Rimfire ammunition isn’t as popular as it once was, but despite its shortcomings, it still serves a purpose. Compared to centerfire, it’s less accurate and less versatile; but it’s also cheaper for target practice and minimizes recoil, making it more manageable for beginners and more accurate for small game hunting. If you’re new to shooting, here are three simple points to help you understand how rimfire ammunition works and why it deserves a second look.
Rimfire is just another type of cartridge.
Both centerfire and rimfire cartridges consist of a bullet, gunpowder and primer wrapped in a brass casing. When a gun is fired, the firing pin strikes the primer, causing the powder to explode and the subsequent pressure created propels the bullet forward.
The difference between the two types of ammunition lies in where the primer is located. Centerfire rounds have recessed primer compartments in the center of the base. Rimfire rounds have liquid primer that’s spun into the rim using a centrifuge. Both have their advantages.
Rimfire ammunition isn’t for self-defense or big game hunting.

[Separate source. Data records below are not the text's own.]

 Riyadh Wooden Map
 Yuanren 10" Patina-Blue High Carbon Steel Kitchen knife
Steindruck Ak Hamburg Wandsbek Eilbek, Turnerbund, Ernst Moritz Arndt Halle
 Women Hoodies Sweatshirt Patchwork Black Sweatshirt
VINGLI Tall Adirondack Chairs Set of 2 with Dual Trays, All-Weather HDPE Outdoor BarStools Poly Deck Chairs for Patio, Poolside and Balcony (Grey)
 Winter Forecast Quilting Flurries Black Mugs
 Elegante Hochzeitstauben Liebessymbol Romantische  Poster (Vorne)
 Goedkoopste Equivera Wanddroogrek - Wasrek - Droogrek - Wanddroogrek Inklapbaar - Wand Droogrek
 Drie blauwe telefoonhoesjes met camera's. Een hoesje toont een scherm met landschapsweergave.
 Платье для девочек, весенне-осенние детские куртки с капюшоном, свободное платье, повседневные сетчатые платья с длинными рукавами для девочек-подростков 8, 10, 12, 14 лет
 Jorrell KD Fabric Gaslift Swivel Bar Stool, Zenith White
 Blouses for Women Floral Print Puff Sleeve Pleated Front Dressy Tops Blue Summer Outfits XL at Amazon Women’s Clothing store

Centerfire ammunition is costly to make because primer placement is an exacting process, but it results in rounds that are more powerful, reliable and reloadable. Rimfire is cheap to manufacture, but rounds fail more often because unevenly distributed primer in the rim increases the probability that a firing pin will strike an area with an amount that’s insufficient to ignite the powder, making it less dependable than centerfire ammunition for critical applications like self-defense.
And because rimfire casings need to be thin enough for the firing pin to crush the rim and ignite the primer, powder loads are limited to modest amounts that won’t blow weak casings apart. This means that with few exceptions, rimfire rounds carry low-pressure loads that aren’t powerful or fast enough to take down large game accurately.
Rimfire is perfect for beginners, target practice and varmint hunting.
For varmint hunters, low-recoil rimfire ammunition improves accuracy at short distances. It’s also cheap. For calibers like .22LR, it costs as little as a quarter of the price of similar centerfire ammunition and although it’s not reloadable, it still significantly more cost-effective for small game hunting and target practice.
For beginners, the low cost and soft recoil is a comfortable way to get started without skimping on training rounds and shots tend to be quieter and a little more neighbor-friendly.
Rimfire ammunition isn’t for every purpose, but what it does, it does well. If every shot counts, stick with centerfire, but if you’re counting the price of every shot, rimfire does the job without breaking the bank.